FIELD OF THE INVENTION

The invention relates to mechanical engineering and can be used in instrumentation, manipulators, drives, machine mechanisms as a controlled clutch for precision fixation of the position of cylindrical joints and shafts.

State of the art

Known coupling piezoceramic coupling (SU 1462038, F16D 27/10, publ. 02.28.1989 [1]), containing a control mechanism made in the form of coaxially mounted cylindrical piezoceramic transducers with axial polarization, mounted coaxially driving and driven shafts, rolling bearings, one a pair of friction disks interacting with each other, while the drive disk is mounted on the end of the drive shaft of the clutch, and the driven disk associated with the control mechanism is mounted with axial movement.

This coupling does not provide a backlash-free connection. Also, a large resource of work without maintenance is not provided, due to the small tolerance for running-in friction surfaces.

Known coupling piezoceramic coupling (SU 1511561, F16D 27/10, publ. 09/30/1989 [2]), comprising a housing, a driven shaft, a drive shaft mounted in a housing on bearings coaxially with a driven shaft, a friction disk rigidly fixed to the housing, leading friction disk and installed with the possibility of axial movement and interaction with the said disks, the driven friction disk and the associated piezoceramic transducer with axial polarization, located concentrically relative to the driven shaft and connected to the power source.

This coupling does not provide a backlash-free connection. Also, a large resource of work without maintenance is not provided, due to the small tolerance for running-in friction surfaces.

Known piezoelectric friction clutch (RU 2019751, F16D13 / 10, publ. 15.09.1994 [3]) containing a housing connected to the end section of one of the two coaxially mounted shafts is rigidly, and with the end section of the other shaft - with the possibility of relative movements in the circumferential direction and piezoelectric friction clutch elements mounted in the housing.

Also, a large resource of work without maintenance is not provided, due to the small tolerance for running-in friction surfaces.

Known coupling piezoceramic coupling (SU 684212, F16D27 / 10, 09/08/1979 [4]) containing a fixed housing in which the friction disk is located and mounted coaxially leading and driven shafts with friction disks interacting with each other mounted on them, one disk is installed with the possibility axial displacement and is connected with the control mechanism through a rolling bearing.

This coupling does not provide a backlash-free connection.

Known non-contact electromagnetic clutch brake with a piezoelectric brake [Kazakov L. A. Electromagnetic devices REA. Directory. - 1991 [5]). The brake clutch contains a stationary magnetically conductive composite housing of two halves, as well as a leading and a driven coupling half. One half contains an excitation winding and three piezoceramic elements with axial polarization and friction pads. The second half contains the field winding and the brake friction surface. The principle of the coupling consists in moving the disk of the driven coupling half due to the electromagnetic forces created by the field windings, and fixing the relative position of the coupling halves due to the piezoelectric elements.
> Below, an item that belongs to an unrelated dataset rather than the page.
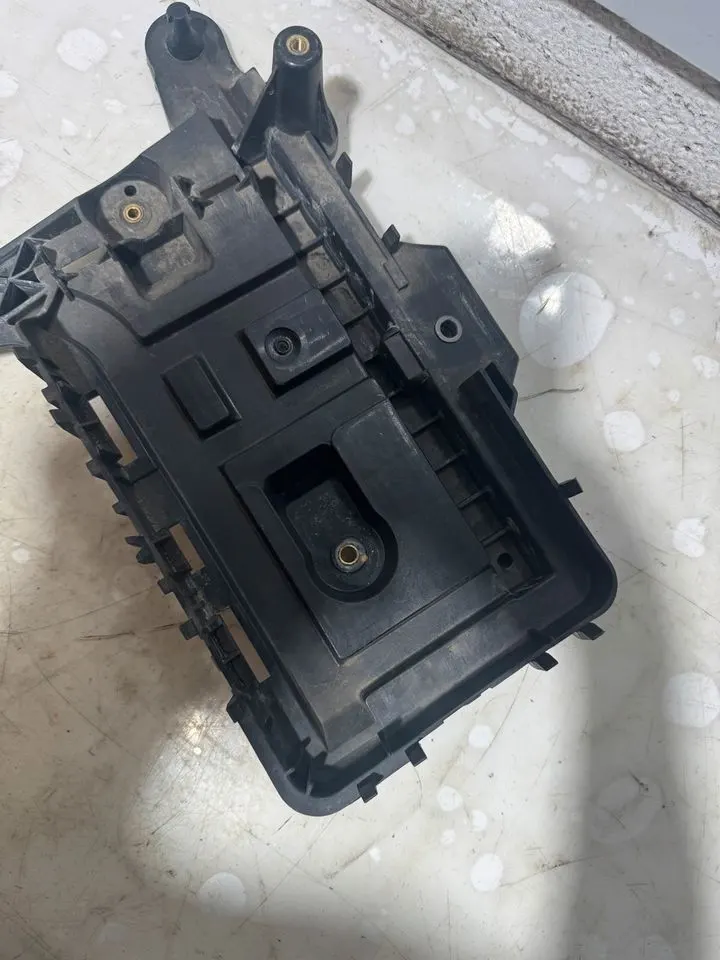 VW Seat Skoda Audi Touran Sharan 7N A3 Batterieträger 1K0915333 – Bild 5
Compared to active electromagnetic couplings, the coupling is characterized by a decrease in energy consumption, the ability to work in forced mode, due to the possibility of preliminary switching on the field windings.
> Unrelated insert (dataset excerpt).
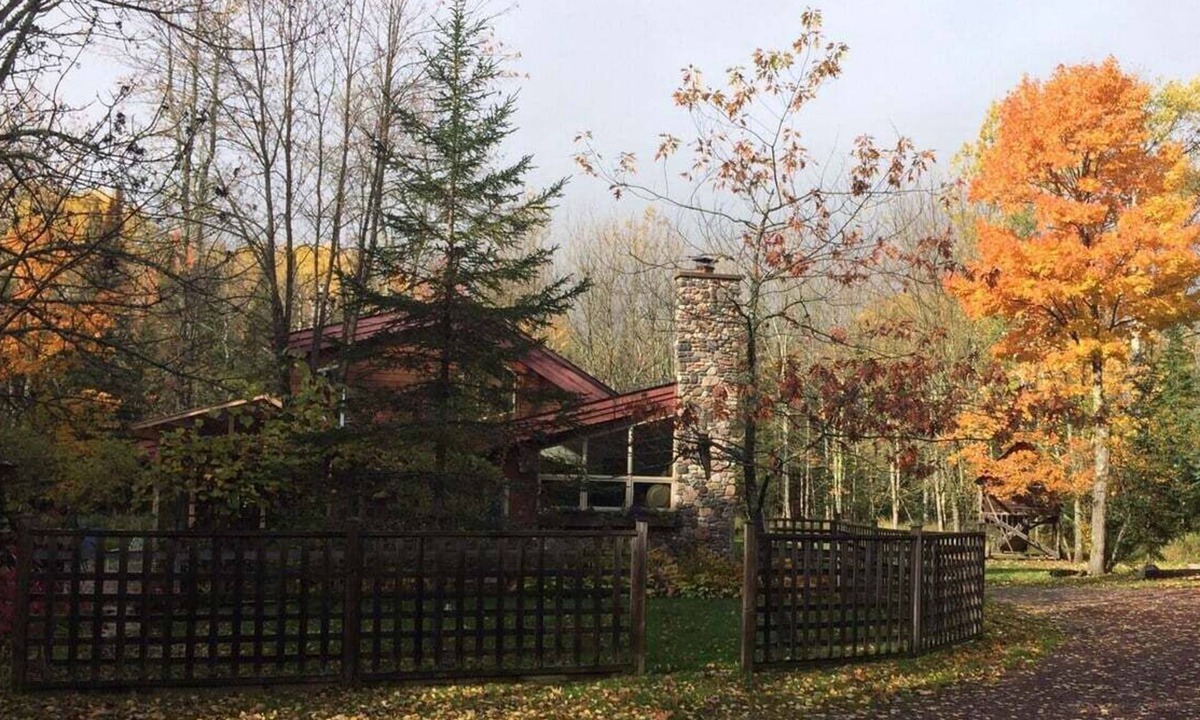 La Pointe House | Custom Built Home Neslted in the Woods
Compared to piezoceramic couplings [1,2,3,4], an electromagnetic brake clutch has a longer resource due to the fact that brake pads located on piezoceramic elements participate only in the fixing process, but not inhibition. The disadvantages of this coupling include: the complexity of control associated with the need to synchronize the processes of braking by the excitation windings and fixing the coupling halves with piezoceramic elements; longer readiness time and lower speed compared to piezoceramic couplings due to the need to turn on the field windings and to overcome the greater gap inherent in electromagnetic couplings between half couplings; as well as the impossibility of precision backlashless locking due to the presence of play in the spline guides of the driven coupling half.
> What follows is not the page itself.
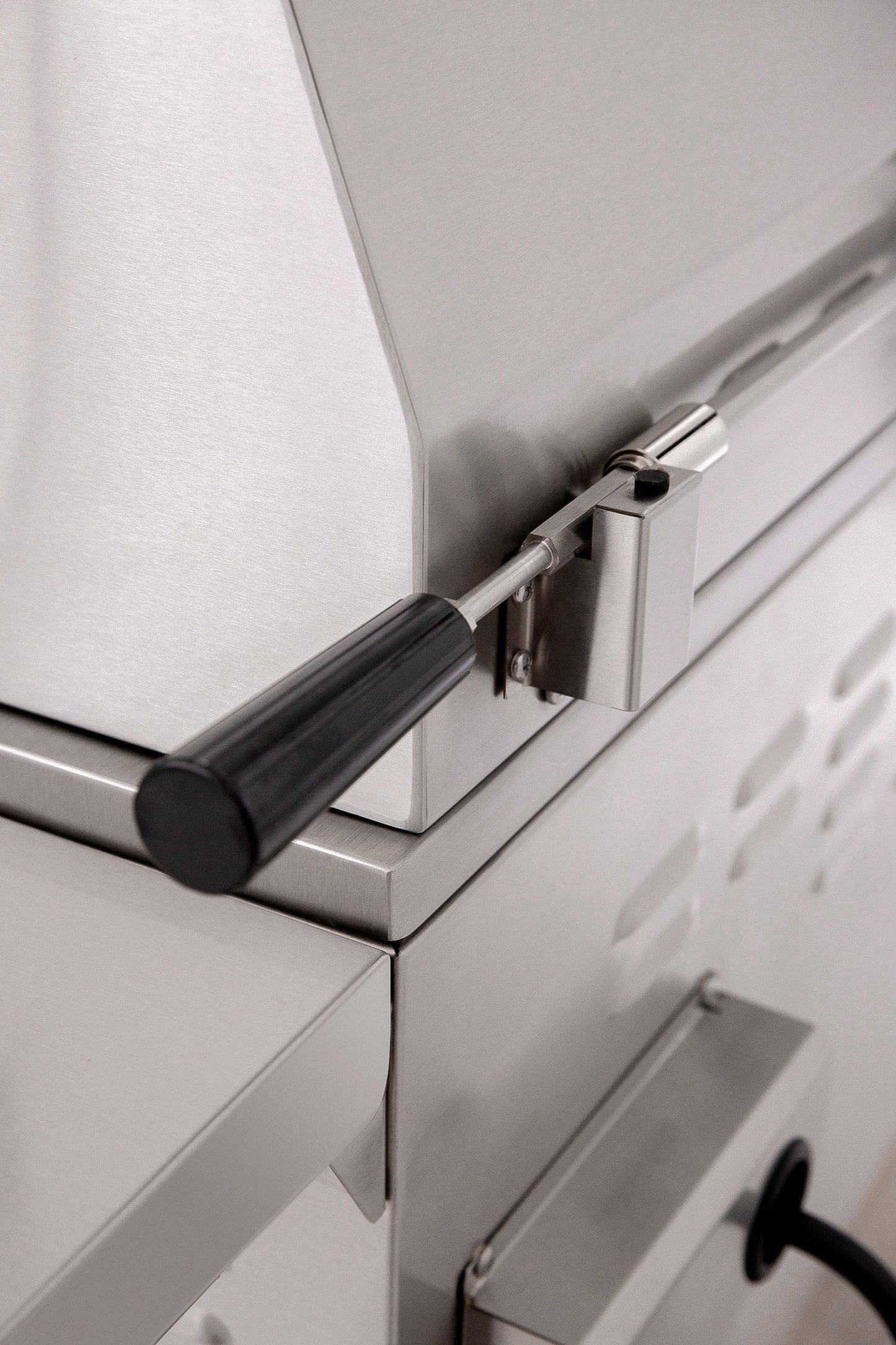Alturi 42" Built-in Grill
This design is the closest to the proposed technical solution.

SUMMARY OF THE INVENTION

The claimed technical solution solves the problem of reliable backlash-free quick unlocking and blocking in all directions of the shaft of the mobile links of the devices with low power consumption and a long service life.

As a result of the application of the created technical solution, it is possible to lock or unlock the mutual movement of the moving links on the product where high demands are placed on the rigidity of fixation and the absence of backlash, quick unlocking and blocking are required, there are requirements to reduce energy consumption, work is required during the entire service life without maintenance .

The technical result of the claimed invention consists in backlash-free quick unlocking and blocking in all directions of the shaft of the mobile links of the devices with low energy consumption with a long service life and no maintenance is required.

The claimed technical result is achieved due to the fact that the combined action blocker for the spatial blocking of the shaft comprises a housing with a collet clamp, a base placed inside the housing, and a mounting sleeve with an elastic element that is fixed with an end surface on the base and closes the housing with a collet clamp,

the base is end-mounted in the housing with a collet clamp and mounted on the shaft, and the housing with the collet clamp is mounted on the device relative to which the shaft is fixed, and the elastic element of the installation sleeve is located on the opposite side of the collet clamp between the housing and the base, while the housing on the opposite side of the collet clamp has at least three bearing assemblies including a bearing and a bearing assembly cover, wherein

 at least three pair channels are made at the base, in each pair of which a piezo actuator and a gear electric drive are placed,

moreover, the piezoactuator is located in the channel between the collet clamp and the elastic element of the installation sleeve and is located with the possibility of axial movement along the channel, and the gear drive is located in the channel between the collet clamp and the elastic element,

moreover, the shaft of the gear electric drive is connected to a self-braking screw-nut transmission connected by a threaded connection to the elastic element of the installation sleeve and connected to the bearing assembly.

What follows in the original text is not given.